Shafikov’s only two defeats came in world title fights against right-handers Miguel Vazquez (February 2014) and Rances Barthelemy (December 2015), both of whom are similar in stature as Herring.
“All of my opponents are taller than me. I’m used to it,” Shafikov said. “[Herring] was a tough opponent. I kept hurting him, but he kept coming back. After I knocked him down, I felt that I was in control of the fight, but my corner wanted the stoppage as they did not think I could get a decision here."
Shafikov entered the ring Saturday intent on proving he was deserving of a third crack at a title, and believes he did enough damage to his unbeaten opponent to warrant that opportunity.
“After the loss in the title fight against Barthelemy, the only thing I can think about is fighting for the title again,” he said. “That was my main motivator [tonight].
“I don’t care who I fight or when I fight, I just want to earn another opportunity to step into the ring and earn a world title.
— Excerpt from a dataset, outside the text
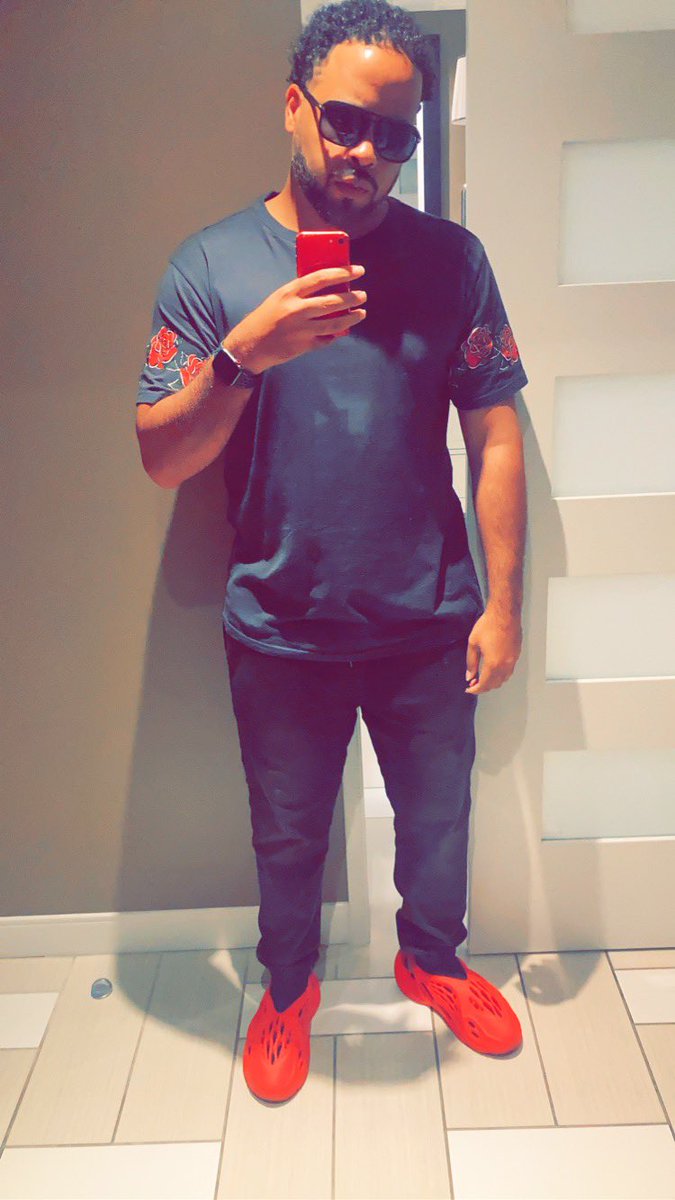 BeanznKornbread's tweet image. Let’s win some money 💰 #bdayweek - Bread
This time, I will not let [it] slip away.”
Herring swept the first round on all three judges’ cards as he tried to establish early lateral movement and use his jab to keep the oncoming Shafikov at bay. But the opening frame would prove to be the only highlight of the night for the Cincinnati resident, who took a ton of abuse and never could quite figure out—let alone hurt—his Russian counterpart.
Herring was attempting to go 10 rounds for the third straight time, having previously won unanimous decisions over Luis Eduardo Florez in February and Yakubu Amidu in October.
“He kept on pressuring, and I fell into his game a little bit,” Herring said of Shafikov. “I wanted to fight fire with fire after a while and basically try to back him up. That was the game plan—to hit him with something to keep him from backing me up.
"I was surprised by his punch rate. Every time I felt that I was slowing him down, he would just come back and fight."
While disappointed that he didn’t get a chance to take the fight to the finish line, Herring understood his corner’s decision and was gracious in defeat.
“[Shafikov] did catch me with some good shots, I’m not going to lie about that,” he said. “I fought his fight and could not make adjustments.
“I did not want the fight to be stopped, but my corner did the best thing for me. Losing is part of the game, and all the greats have taken losses. I will be back.”
In the other ESPN-televised bout, 23-year-old Poland native Patryk Szymanski (16-0, 9 KOs) won a 154-pound unanimous decision over former title challenger Wilky Campfort (21-3 12 KOs), a 31-year-old from Fort Lauderdale, Florida.